Etika distribusi dalam ekonomi Islam adalah norma-norma atau kaidah etik Proses penyimpanan dan penyaluran produk kepada pelanggan berdasarkan prinsip-prinsip Islami yaitu mencari keuntungan yang wajar, distribusi yang meluas, keadilan sosial dan larangan ikhtikar(penimbunan) . Etika distribusi yang berbasis Islam menghendaki bahwa dalam hal pendistribusian harus berdasarkan dua sendi, yaitu sendi kebebasan dan keadilan kepemilikan. Kebebasan disini adalah kebebasan dalam bertindak yang di bingkai oleh nilai-nilai agama dan keadilan tidak seperti pemahaman kaum kapitalis yang menyatakannya sebagai tindakan membebaskan manusia untuk berbuat dan bertindak tanpa campur tangan pihak mana pun, tetapi sebagai keseimbangan antara individu dengan unsur materi dan spiritual yang dimilikinya, keseimbangan antara individu dan masyarakat serta antara suatu masyarakat dengan masyarakat lainnya.

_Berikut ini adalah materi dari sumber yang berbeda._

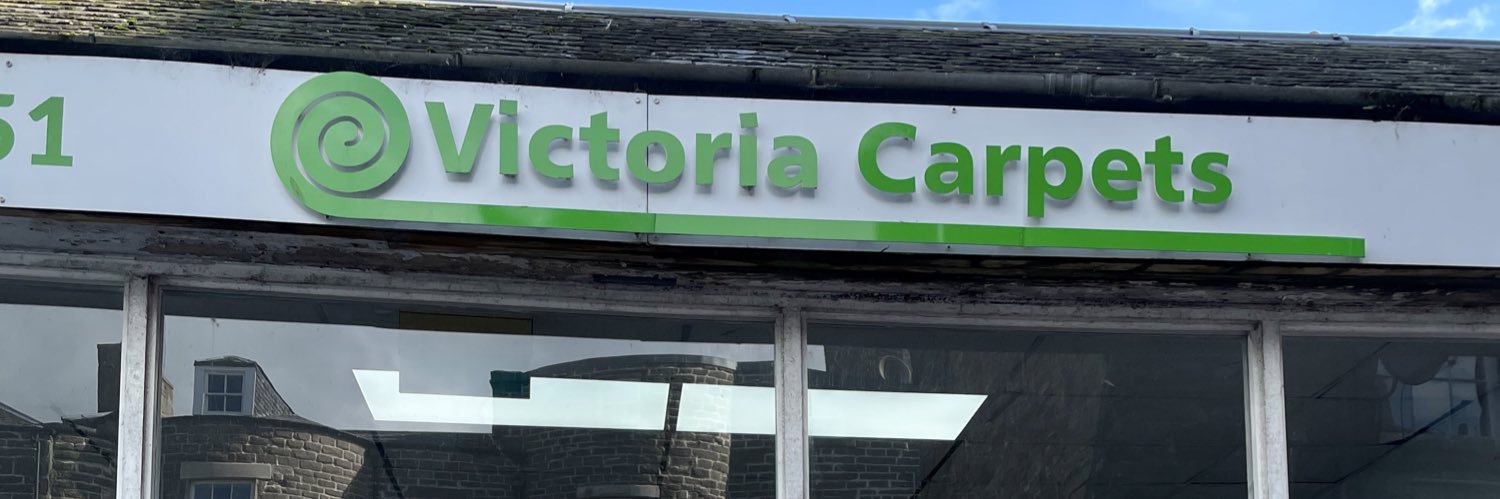Victoria Carpets banner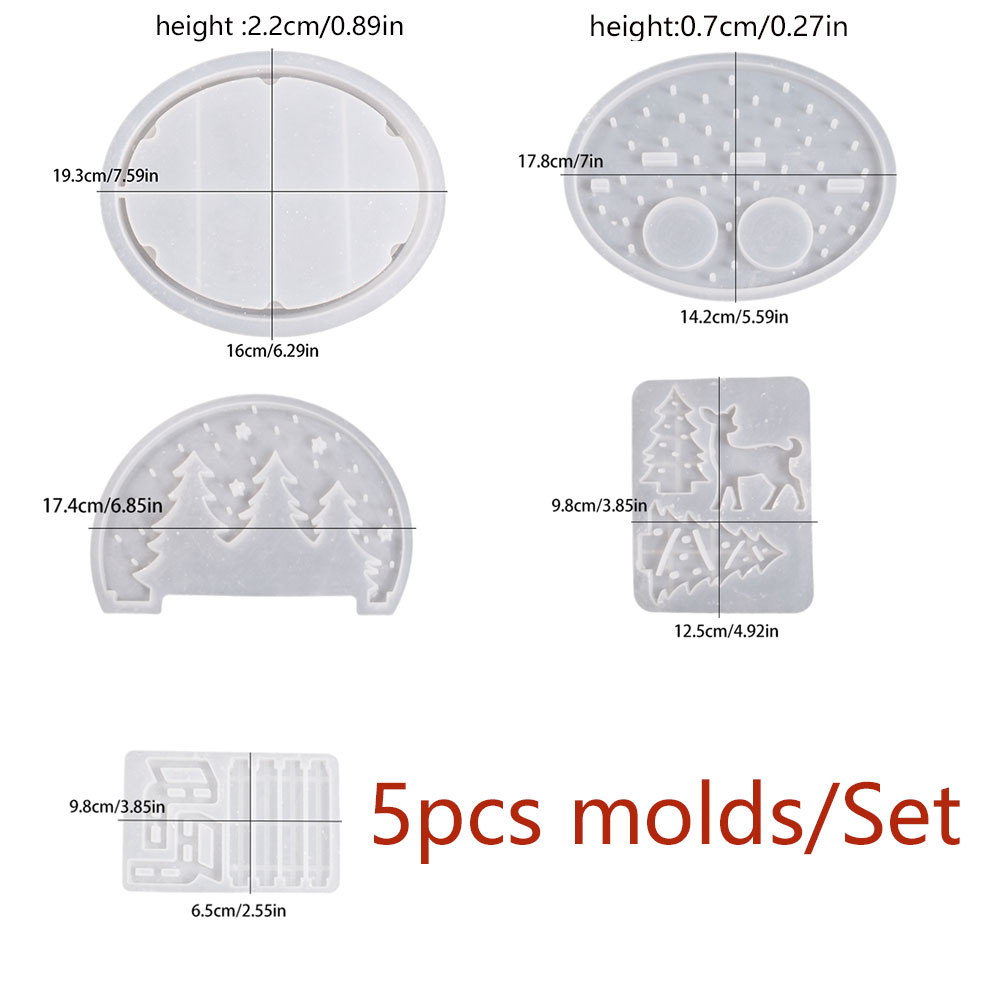 Moldes de Silicone para Suport - Candle Mold Silicone avaliação e preço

Distribusi dalam ekonomi Islam didasarkan pada nilai-nilai manusiawi yang sangat mendasar dan penting, yaitu nilai kebebasan dan nilai keadilan. Kebijakan distribusi yang ditawarkan ekonomi Islam dengan tidak berpihak hanya pada salah satu agen ekonomi, dan diperkuat dengan prinsip-prinsip yang jelas memberikan arahan bahwa keadilan ekonomi harus ditegakkan. Namun menciptakan keadilan ekonomi akan sulit terwujud jika tidak melibatkan peran institusi yang ada seperti halnya pemerintah dan masyarakat. Oleh sebab itu, peran kedua instrumen tersebut sangat dibutuhkan, karena kebijakan distribusi akan ter aplikasikan dengan baik ketika kedua institusi yang ada bekerja. Langkah awal yang dapat dilakukan ialah memberikan pemahaman yang sejelas-jelasnya kepada pemerintah dan masyarakat selaku institusi ekonomi bahwa terciptanya keadilan ekonomi merupakan tanggung jawab bersama, bukan hanya tanggung jawab salah satu institusi yang ada, melainkan tanggung jawab bersama selaku agen ekonomi dan institusi ekonomi. Ketika institusi tersebut bekerja, keadilan diharapkan akan tercipta untuk memberi dampak pada tersebarnya harta secara adil di masyarakat yang akan menggerakkan ekonomi rakyat.